▸ PROBLEM TO WORK ON:
Retype the material that follows exactly, limited to the lines from the one with "4-Tier Plastic Rolling" through the one with "Nivne Tco Tween", and keep out all pictures.
++++++++++++++++++++
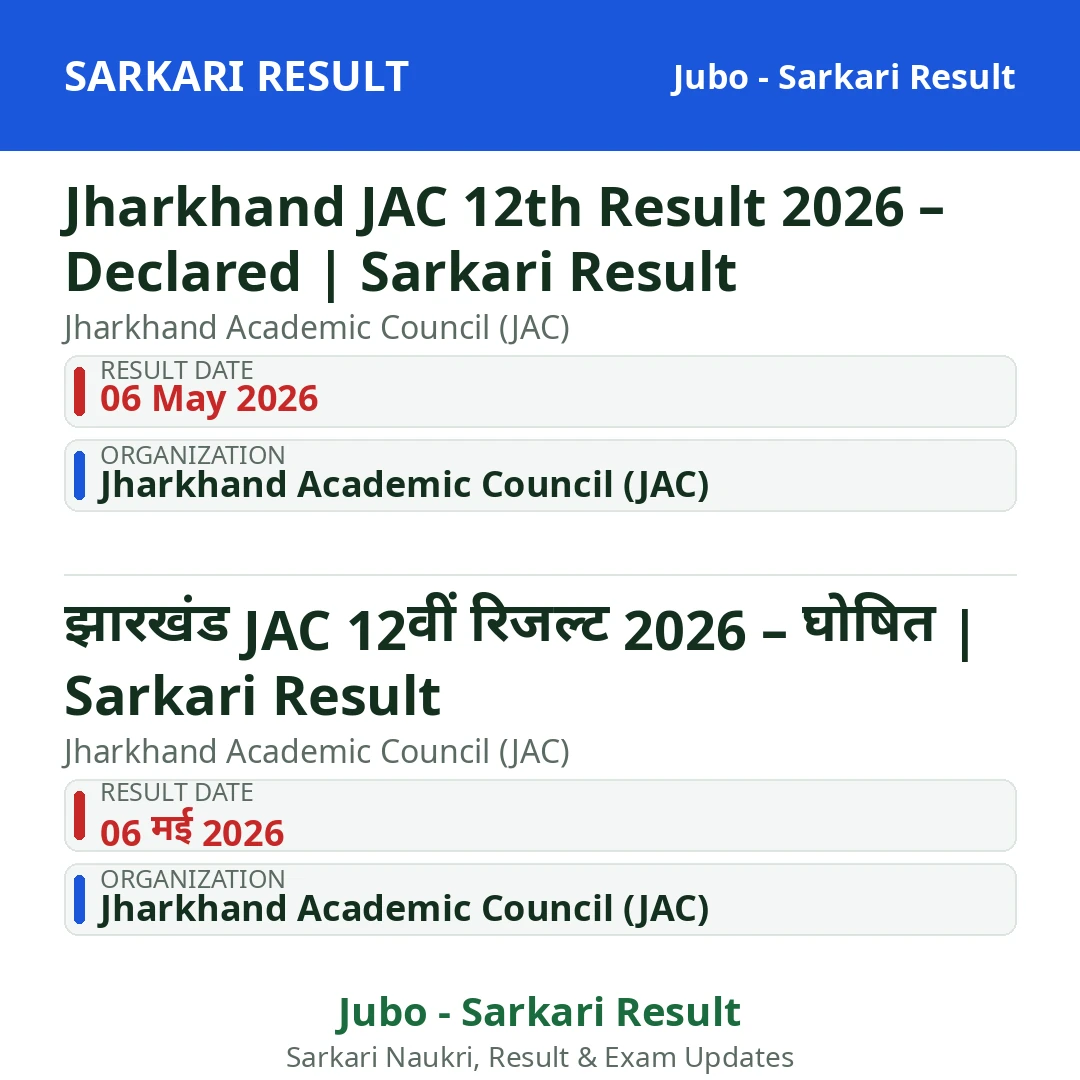 Jharkhand JAC 12th Result 2026 – Declared | Sarkari Result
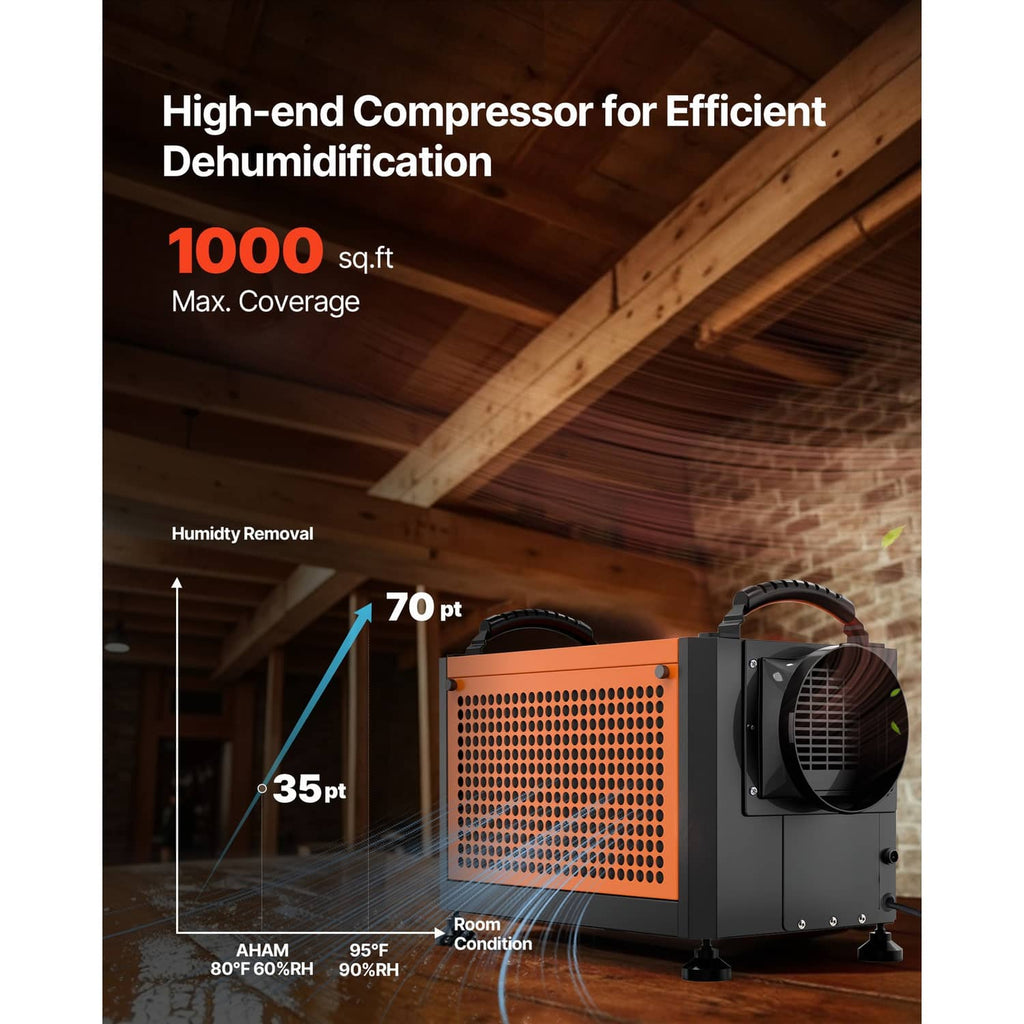 Commercial dehumidifier with orange front panel and black fan grille, standing indoors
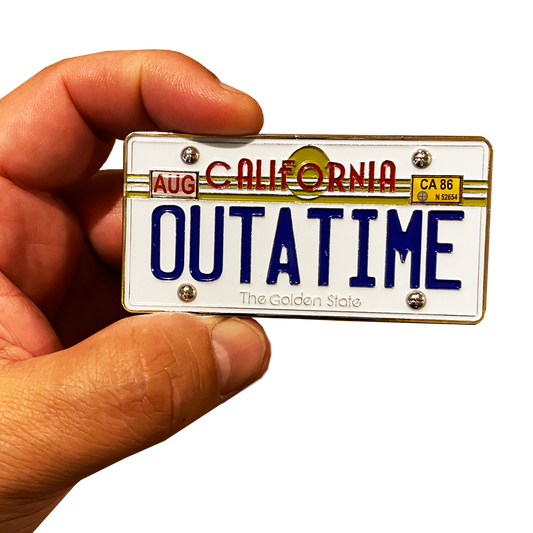 Discontinued DL8-06 Back to the Future inspired OUTATIME Delorean California License Plate Challenge Coin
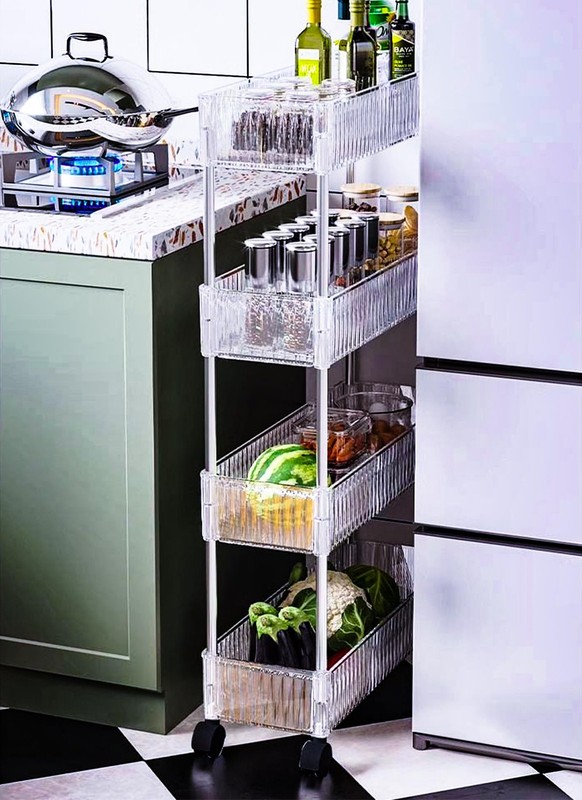 4-Tier Plastic Rolling Utility Cart with Wheels, Multifunctional Storage Organiz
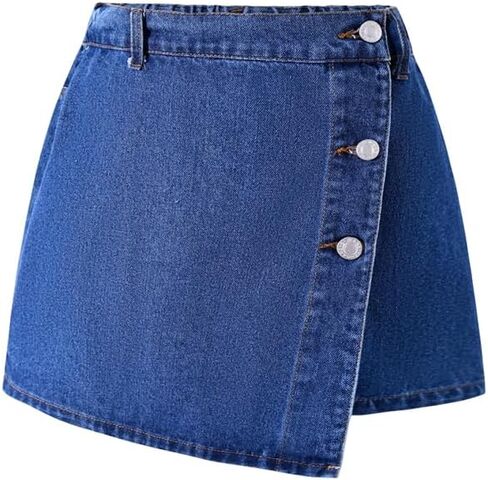 Nivne Tco Tween Girls Asymmetrical Denim Skorts with Elastic Waistband, 3-Button Front & Back Pockets, Stretch Jean Shorts in Kuwait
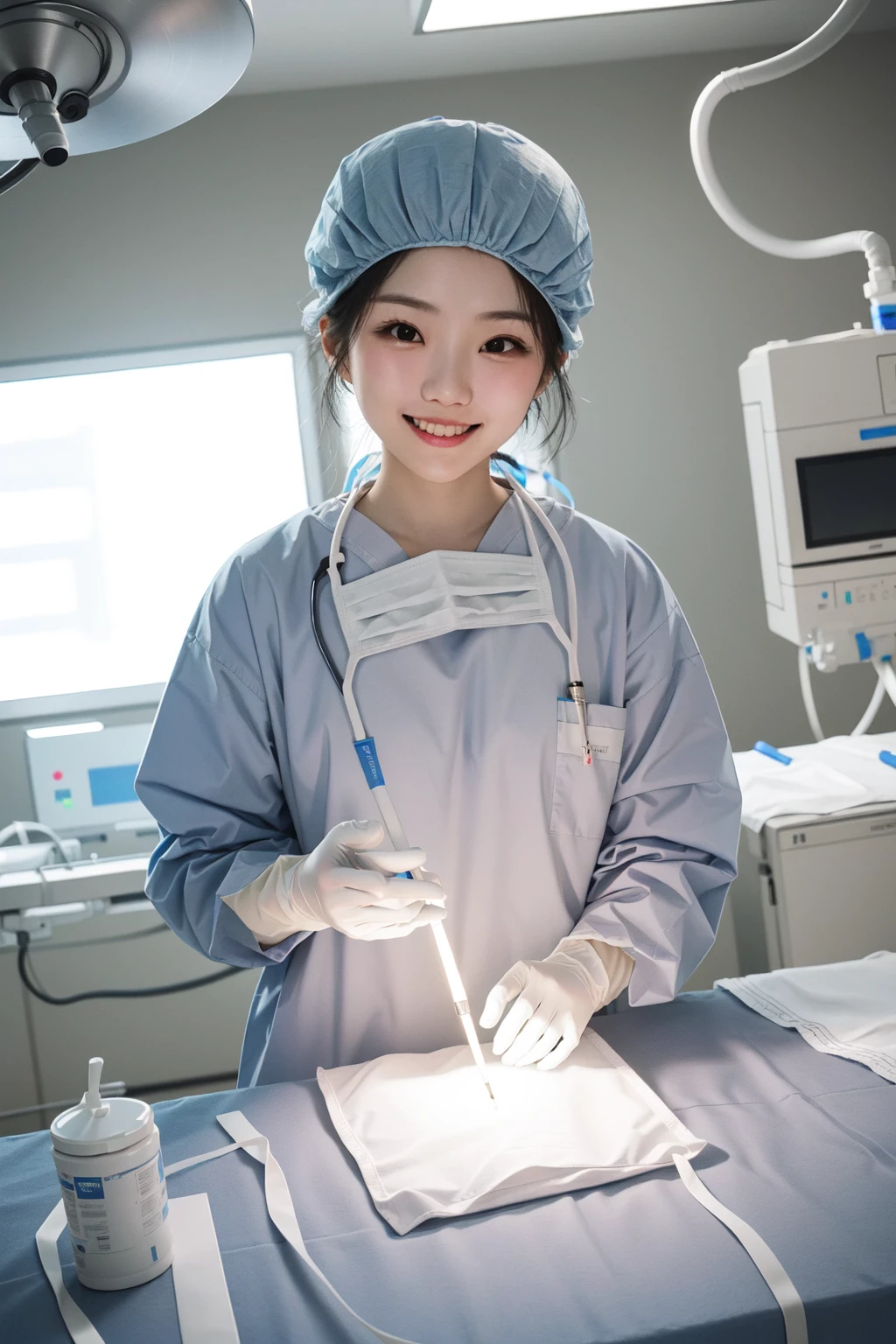 (RAW photo, best quality), 1girl, long sleeve surgical outfit, surgical gloves, surgical cap, operating room, overhead surgical light, light smile,
<lora:concept_surgical_mask_open_v2_1:1> surgical_mask_open, completely_undone,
++++++++++++++++++++
▸ OUTPUT OF THE EXERCISE:
 4-Tier Plastic Rolling Utility Cart with Wheels, Multifunctional Storage Organiz
 Nivne Tco Tween Girls Asymmetrical Denim Skorts with Elastic Waistband, 3-Button Front & Back Pockets, Stretch Jean Shorts in Kuwait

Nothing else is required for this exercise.